Le gouvernement de M. Jospin a fait en sorte et fera en sorte que les impôts ne diminuent que pour les foyers les moins avantagés. Ce souci de justice sociale n'est que superficiel. Si la pression fiscale globale ne diminue pas, l'emploi continuera de se raréfier. Depuis vingt-cinq ans, il y a deux classes en France : ceux qui travaillent et ont accès à toutes les prestations sociales et les chômeurs qui n'ont droit qu'à la sollicitude de l'Etat. La vraie justice sociale, c'est un travail pour tous et des salaires décents. Or nous comptons encore deux millions et demi de chômeurs et, à cause des charges sociales et de la RTT, le niveau des salaires comparé à celui des autres pays européens est bas, ce qui nuit à la consommation des ménages et donc à la dynamique de l'économie.
M. Jospin, s'il est élu président, risque, pour financer ses dépenses, de taxer un peu plus les revenus du capital. C'est effectivement une bonne logique socialiste, exposée avec clarté par la gauche de la gauche et par le chantre socialiste de l'économie, Thomas Piketty. Mais une taxation élevée des revenus du « capital », c'est-à-dire de l'épargne, et le plus souvent celle des salariés, constitue en soi une injustice dans la mesure où on ne peut épargner que si, d'abord, on a payé ses impôts.
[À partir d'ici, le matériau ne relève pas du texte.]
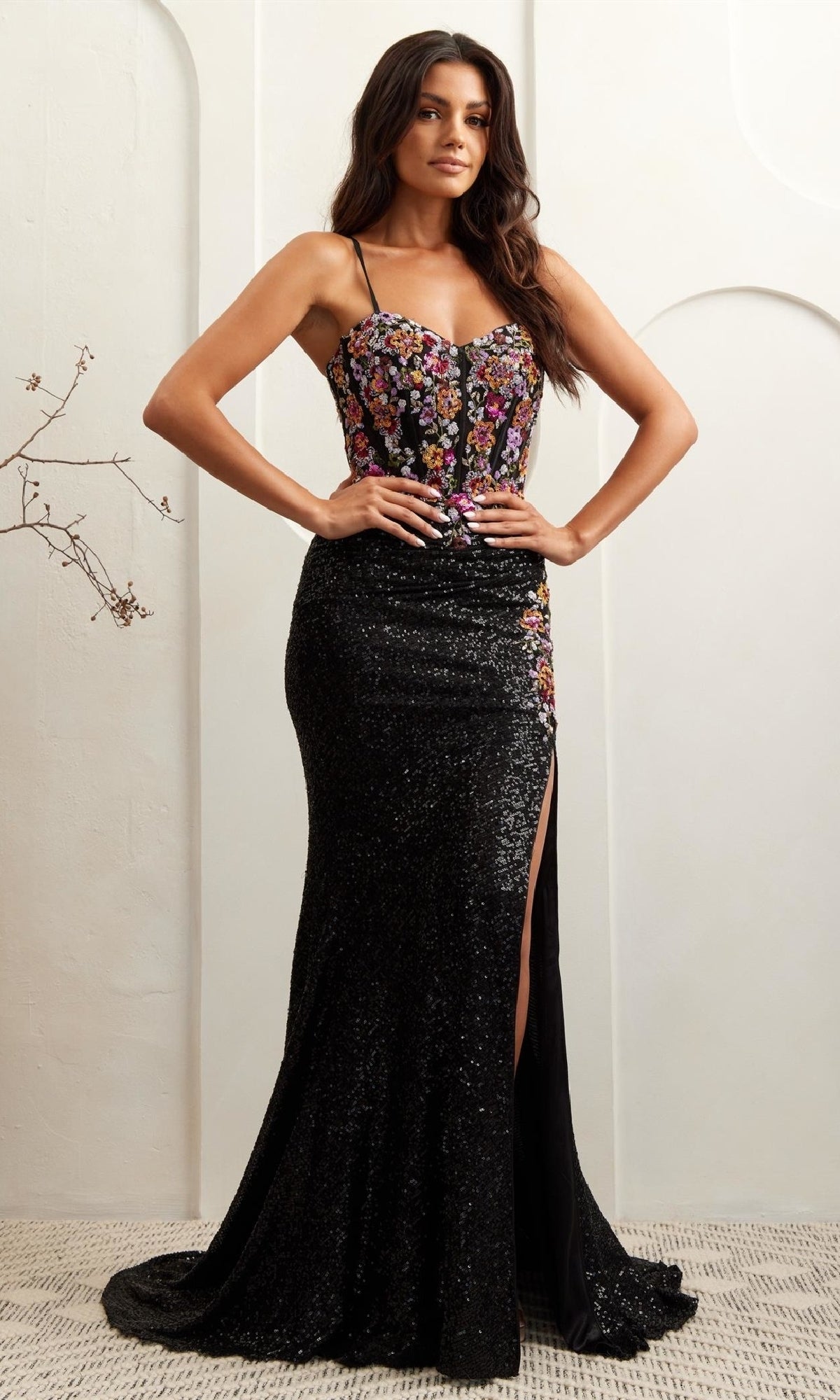 A woman wears the Amelia Couture 7061 Multicolored Sequin Prom Gown, featuring a floor-length skirt with a thigh-high slit and a fitted bodice with thin straps.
Il s'agit donc d'un remède contre l'épargne, pourtant indispensable au financement des entreprises : sans épargne, pas de prêts immobiliers, pas de prêts aux nouvelles sociétés (qui embauchent), pas de prêts au développement des entreprises existantes. Sans épargne, pas de nouveaux emplois. Le message contenu dans la taxation de l'épargne est le suivant : surtout n'économisez pas, dépensez votre argent. Cela alimentera sans doute la consommation mais cela augmentera aussi le chômage.
Les vrais choix de société sont là. Ils sont difficiles à comprendre pour tous ceux, et ils sont nombreux, qui ne connaissent pas la macroéconomie. Il est vrai qu'il faudrait savoir beaucoup de choses avant de voter. Il y a quand même des dysfonctionnements qui crèvent les yeux : que dans ce pays où un quart des salariés sont dans la fonction publique, mais où les hôpitaux et la police manquent cruellement de bras, voilà bien un problème que n'importe qui peut comprendre. Et auquel il faut remédier.